The idea for the Imaginary Soundtrack series came to Forrest during a year she spent working on a video game soundtrack she was commissioned to write. Over 2021-2022, she was writing around 40 minutes of music each month and had total artistic freedom over her compositions. The routine helped fuel Forrest’s creativity and her list of themed album ideas grew. Once she finished the game soundtrack, she dove head-first into creating the Imaginary Soundtrack series. “I didn’t want to lose momentum, so I just kept going,” she explains. 

Forrest’s original plan for the series was to release six albums in six months—but life got in the way and the timeline was disrupted. Nevertheless, from October 2022 to January 2023, she released a record each month: The Haunting (an eerie album inspired by Italian horror movies), From the Sea, The Verdant Realm (“it has a Mort Garson edge, but it’s spooky and mysterious,” Forrest describes), and Drivin’ Easy (“I imagine it to be the soundtrack of a ’70s thriller car movie”). In March, Forrest released Darknet, and on June 2nd she will release the sixth installment of the series, Exotic Sounds, which will be inspired by the “exotica” genre (jazz-influenced, often campy, lounge music that was popularized in the 1950s and ’60s). But will this be the end of the Imaginary Soundtrack series? “Why stop now?” Forrest says. 
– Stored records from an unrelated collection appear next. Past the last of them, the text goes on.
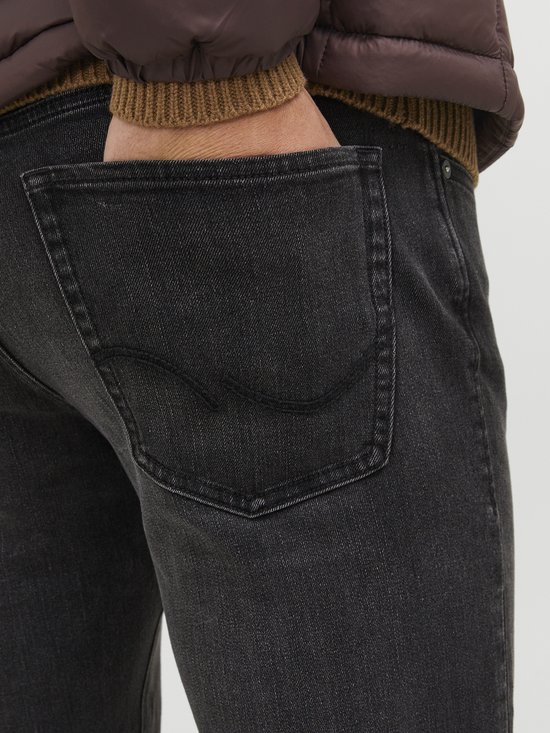 Donkergrijze jeans, detail van de achterzak met zwarte stiksels.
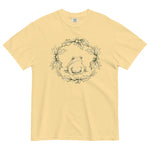 Frog in a holly wreath design on a Butter garment-dyed cotton t-shirt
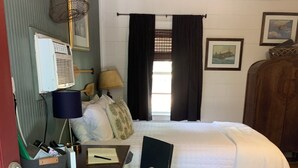 Ein Schlafzimmer mit Bett, Schreibtisch, Stuhl, Lampe, Kleiderschrank und einem Fenster mit Vorhängen.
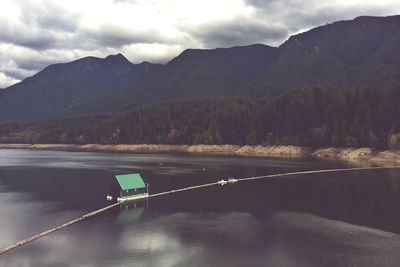 Scenic view of lake and mountains against cloudy sky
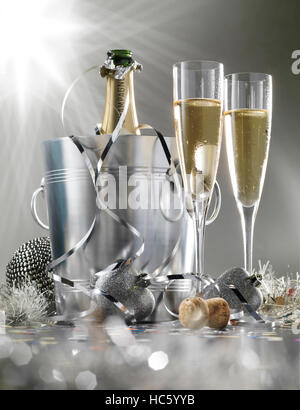 Two glasses of champagne with bottle in cooler on a silver background, selective focus Stock Photo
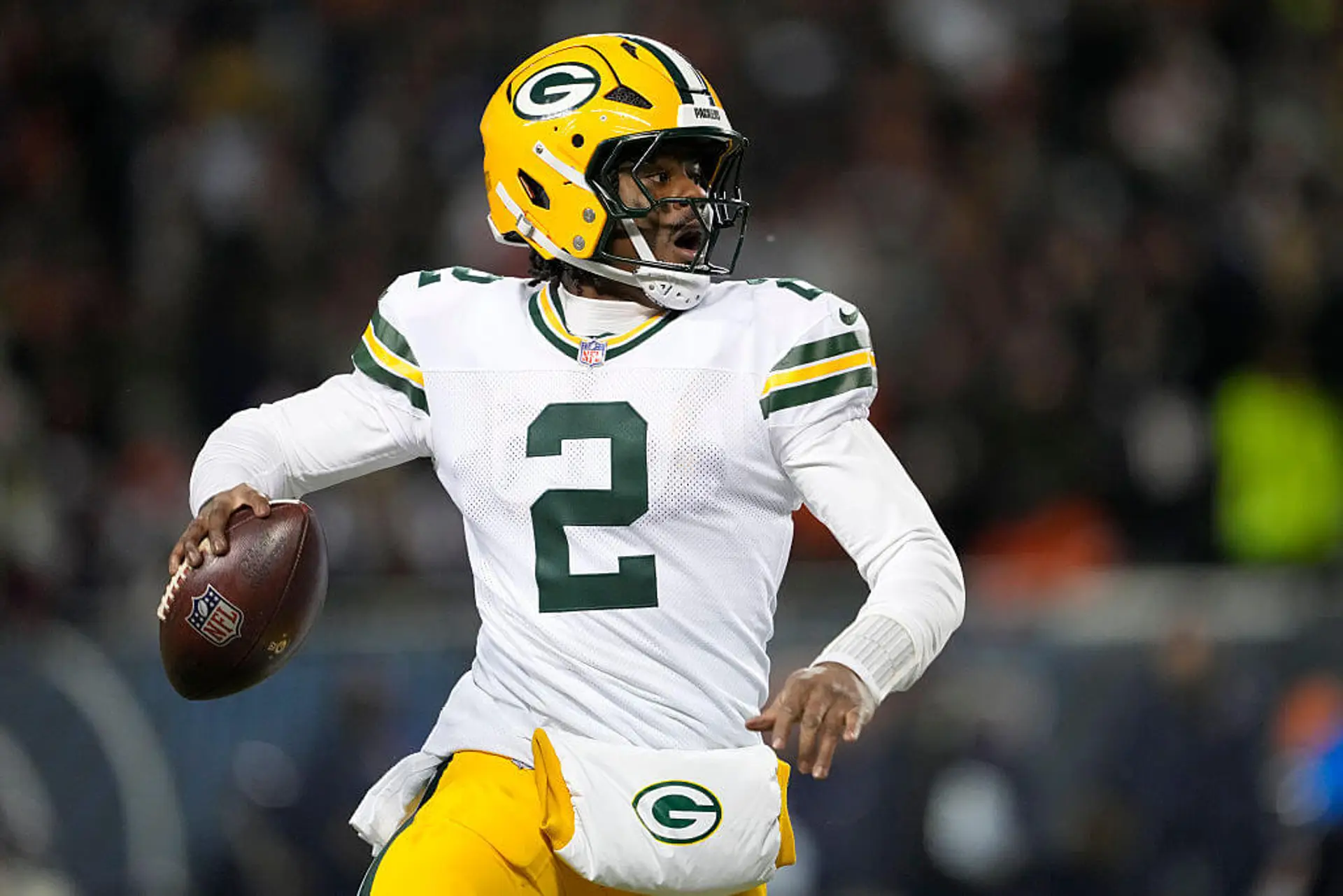 Malik Willis of the Green Bay Packers looks to pass against the Chicago Bears during the third quarter at Soldier Field on Dec. 20, 2025, in Chicago, Ill.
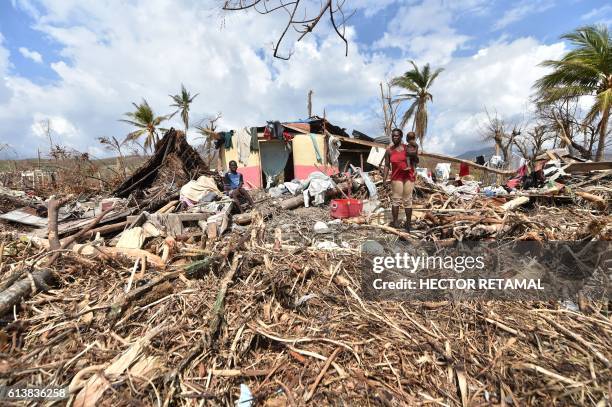 People stand next to their destroyed house in Les Cayes, Haiti on October 10 following the passage of Hurricane Matthew. Haiti faces a humanitarian...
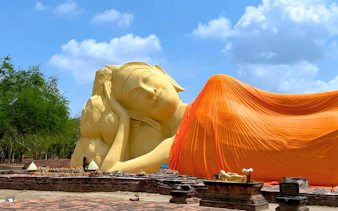 Reclining Buddha statue draped in orange cloth at Ayutthaya Temples, Thailand.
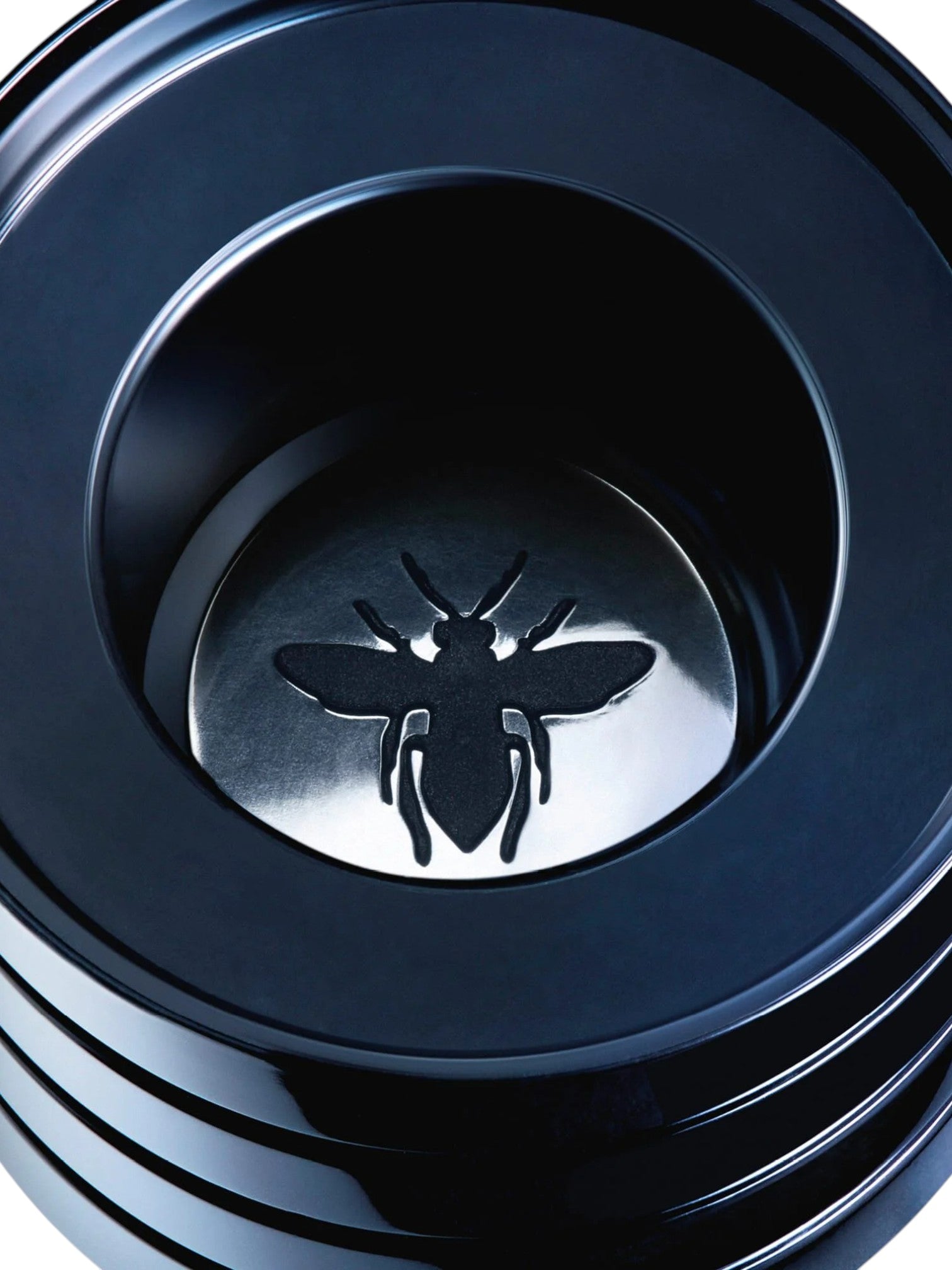 Close-up of a black metal component with a bee emblem on a white background, Christian Dior, Monza Outlet, Monza Fashion, Shein Outlet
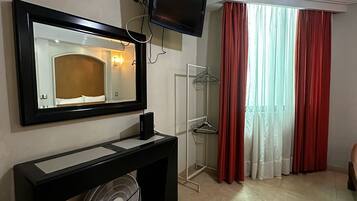 Habitación de hotel con televisor de pantalla plana montado sobre una consola negra, un espejo grande, un ventilador, cabina de ducha de vidrio y cortinas rojas.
During our conversation, Forrest flips through a notebook to look at her schedule or to jot down notes when I recommend an ambient playlist. She loves making to-do lists and enthusiastically admits, “Habits are my favourite!” In a follow-up email, she shares a photo of the log she keeps to track her daily routine. Tiny boxes filled in with green, yellow, red, or blue ink indicate how many hours she’s worked, glasses of water she drank, if she went on a walk or completed a workout. 

While Forrest’s concrete building in what she describes as a “really uncool” Toronto neighbourhood blocks out the majority of any external noise, a more pressing challenge when it comes to crossing items off her to-do list is drowning out the internal din. 
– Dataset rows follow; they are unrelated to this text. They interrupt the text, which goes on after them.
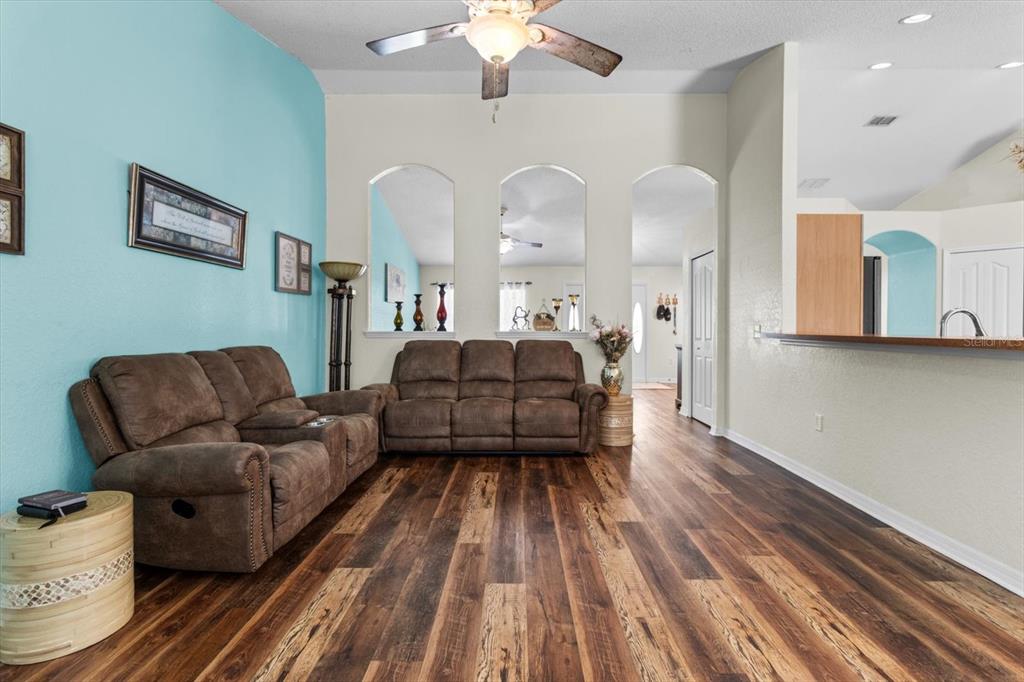 16038 Malden Road Weeki Wachee, FL 34614 - Photo 13 of 40 a living room with furniture and wooden floor
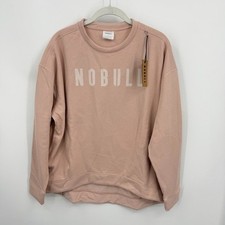 NOBULL Women's Legacy Crew Sweatshirt in a light pink/rose sz L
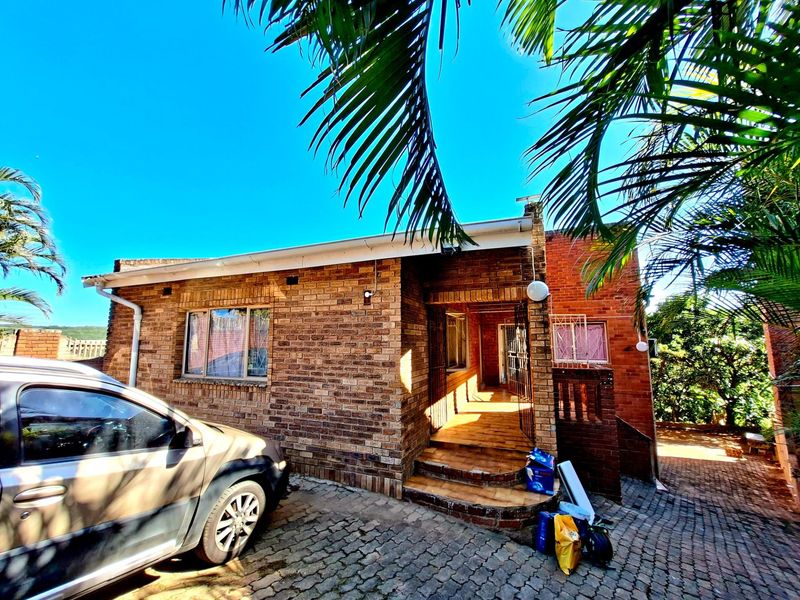 A front exterior view of a face-brick house featuring a paved driveway, covered entrance porch, and established palm trees.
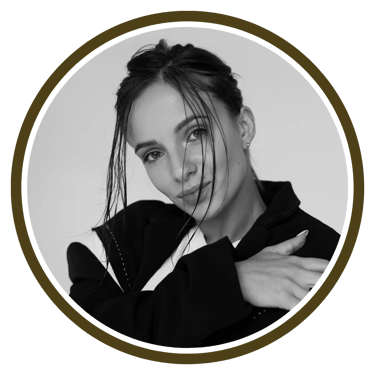 A person in a stylish black outfit poses with one arm wrapped around themselves against a muted backdrop.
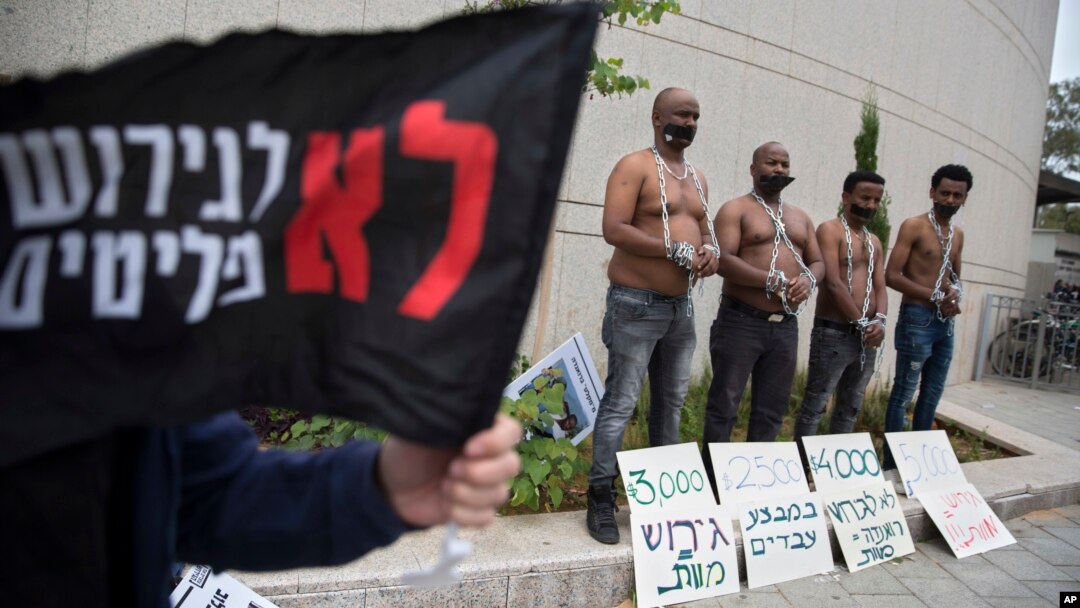 African migrants wear chains to represent slavery during a demonstration in Tel Aviv, Israel, April 3, 2018.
“I feel like internal noise builds throughout the day as my brain gets louder and meaner and full of more convoluted thoughts,” Forrest admits. “I’m one of those people who wakes up really early and I go to work as soon as humanly possible before a thought can come in.” 

On Forrest’s website, her work is described as “retro-futuristic instrumental music.” On paper it’s a clash of adjectives, but when you listen to a Castle If record, the description makes sense—Castle If albums evoke a future the past envisioned, but has not come true yet (where are our hovercrafts?). In the present, Forrest’s routine grounds her. Not every day is a good day, but she is committed to building the future that she wants.

“I definitely have lulls, but I have a very strong desire to not have a day job,” Forrest exclaims. “All of my days are the same: a third of them are good, a third of them are terrible, and the other third are just fine. Every third day is a lull day and every third day I don’t want to do it—but you have to. You have to do it!”